|STRANGERS ON A TRAIN (1951)|
Leo G. Carroll
|"My theory is that everyone is a potential murderer."|
|Time: 103 mins.|
Academy Award nomination for Best Cinematography.
STRANGERS ON A TRAIN is classic Hitchcock, placing you on the edge of your seat from beginning to end. One of his more suspenseful and psychological thrillers, there's only one murder in this film, but it has more power than twelve. Mainly because you know it's going to happen from the first scene and you're forced to watch and wait. This film doesn't have the usual Hitchcock star power, but that's because it doesn't need it. The idea is more scary when you're watching two seemingly normal guys. The acting and the story are what make this movie engrossing. I'd heard this was one of Hitch's best films and the rumors are true. I couldn't take my eyes off the screen. Farley Granger gives his best performance as a man trapped in a nightmare of someone else's design. Robert Parker is dangerously charming as a normal man with evil intentions. The darkly stylistic cinematography brings as extra bit of danger and dementia to the film.
The basic premise is brilliant two total strangers swap murders in order to eliminate someone they hate without being blamed and expands from there. Guy Haines (Granger) pretends, like any normal person, that the suggestion put forth by Bruno Antony (Walker), a man he just met, is just a sick joke, part of a crazy conversation to pass the time. Guy is an up-an-coming tennis star, who's having some marital problems. He's separated from his wife Miriam and seeking a divorce so he can marry Anne Morton (Roman), a prominent senator's daughter. In fact, he's on his way to finalize the details with Miriam, a woman who's been less than faithful and is pregnant with someone else's child. Guy isn't in the habit of discussing the details of his personal life with strangers, but Bruno has a way of getting him to spill his story. What Bruno wants is his father killed before his wacky behavior gets him committed. His plan is perfect. They may be suspects, but since there's no evidence against them, they'll walk away scott free.
Little does Guy know, Bruno is serious about his fiendish suggestion. Guy has bigger problems to worry about. Now that he's becoming famous and is actually wanted by someone else, Miriam changes her mind and refuses to grant the divorce. He's furious with her. If he abandons her know, it could ruin his career. To make matters worse, Bruno refuses to leave him alone, trying to confirm that the plan is on. It's clear that Bruno is not playing with a full deck and to force Guy's complicity, he actually murders Miriam (in an extremely creepy sequence at an amusement park). Guy is horrified when he learns what happened. Bruno makes it quite clear that if Guy doesn't reciprocate, Bruno will be sure to give the police evidence that will slam the door on Guy's guilt. The final third of the film is a cat and mouse game between the two men where you're not very sure who's going to come out on top. Guy may be desperate, but Bruno is crazy and that's a trump card that's hard to beat.

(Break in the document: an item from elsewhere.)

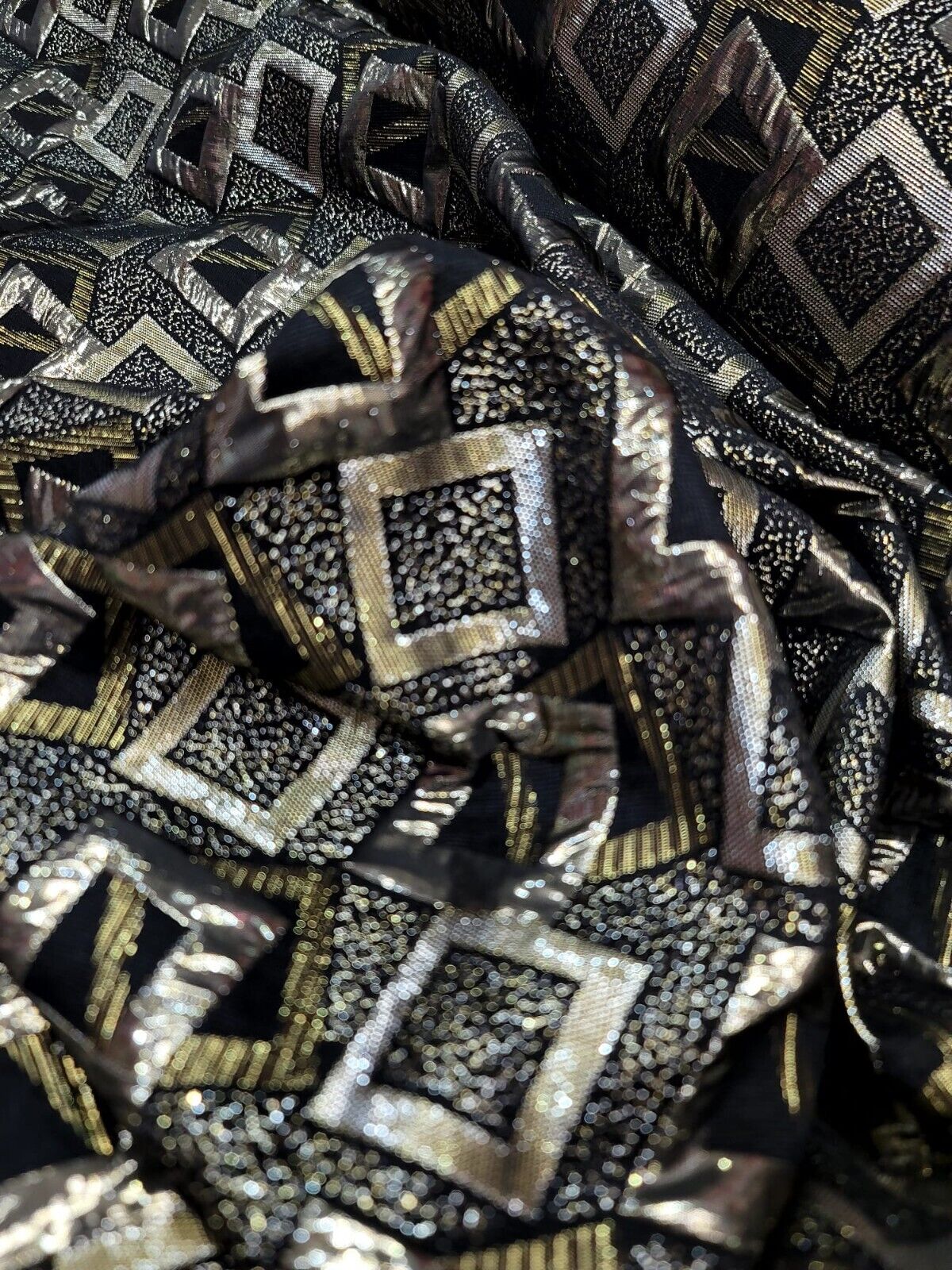 Brocade Jacquard Black Gold Geometric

STRANGERS ON A TRAIN is a perfect thriller about the lengths some men will go to to get what they want. There are several classic Hitchcock set pieces that make this film extra special. The murder of Miriam is so awful, not only because you know it's coming, but because she practically invites it to happen. A consummate flirt, she does nothing to discourage Bruno as he follows her and her male companions throughout the park. Any normal woman would call security or have her fellas beat up a stranger who sticks that closely. Miriam is a gal who's always looking for something better and in this instance it costs her her life. Hitchcock cranks the suspense up to 11 by cross cutting between Guy's US Open tennis match and Bruno's train ride to frame him. Guy is desperate to get through the match as quickly as possible, not caring whether he wins or loses. Bruno is trying to get back to the amusement park so he can leave Guy's lighter swiped on the initial train ride at the scene of the crime. At one point when it looks like Guy is going to finish the match, Bruno drops the lighter down a storm drain. Hitch makes sure to drag both scenes out to our anxious delight.

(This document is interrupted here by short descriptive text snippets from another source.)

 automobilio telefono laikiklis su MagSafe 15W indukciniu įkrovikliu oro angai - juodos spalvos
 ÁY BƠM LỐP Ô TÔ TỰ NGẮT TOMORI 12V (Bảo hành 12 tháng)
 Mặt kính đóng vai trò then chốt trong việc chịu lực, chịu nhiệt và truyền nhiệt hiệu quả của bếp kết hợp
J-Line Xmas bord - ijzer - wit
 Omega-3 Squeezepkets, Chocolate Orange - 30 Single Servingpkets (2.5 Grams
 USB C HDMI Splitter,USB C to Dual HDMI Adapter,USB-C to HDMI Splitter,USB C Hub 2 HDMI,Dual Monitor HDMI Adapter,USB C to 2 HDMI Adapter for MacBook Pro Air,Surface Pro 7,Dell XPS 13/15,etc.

The final sequence on the park's merry-go-round is a masterpiece of cinema. It's rare to see a sequence so well designed and executed. In an out-and-out battle for their lives, Guy and Bruno battle among the people and the horses as the ride goes faster and faster. Everyone is in peril, all due to a madman who refuses to give up. While the men battle above, an elderly park worker crawls underneath the wildly spinning ride to try to bring it to a screaming hault. Needless to say, this is one ride that won't be up and running anytime soon. It careens off it's base, sending riders and horses flying in all directions. One of the most exciting finales on film. Nobody does it better.
Besides Granger and Walker, the other standout role in this film is by Patricia Hitchcock. For her only big part, she gives the film some wonderful bits of dark humor as well as some real emotion. I was a little skeptical when I read that she had a major role, but she really pulls it off. It's a wonder she didn't continue acting after such a solid performance. Hitchcock was forced to use Ruth Roman and though she's not horrible, she doesn't bring much flair to her role. Definitely not up to the standard of most Hitchcock leading ladies. It's a shame Robert Walker died so abruptly after making this film, I think it would have helped him to achieve much greater success in his career. He just oozes deceit and creepiness. It must have been a fun role to play. STRANGERS ON A TRAIN will never be as popular as Hitchcock's more star-driven vehicles, but it should be. This is first-class filmmaking all the way. If you're looking for a thriller that will knock your socks off, this is a must-see.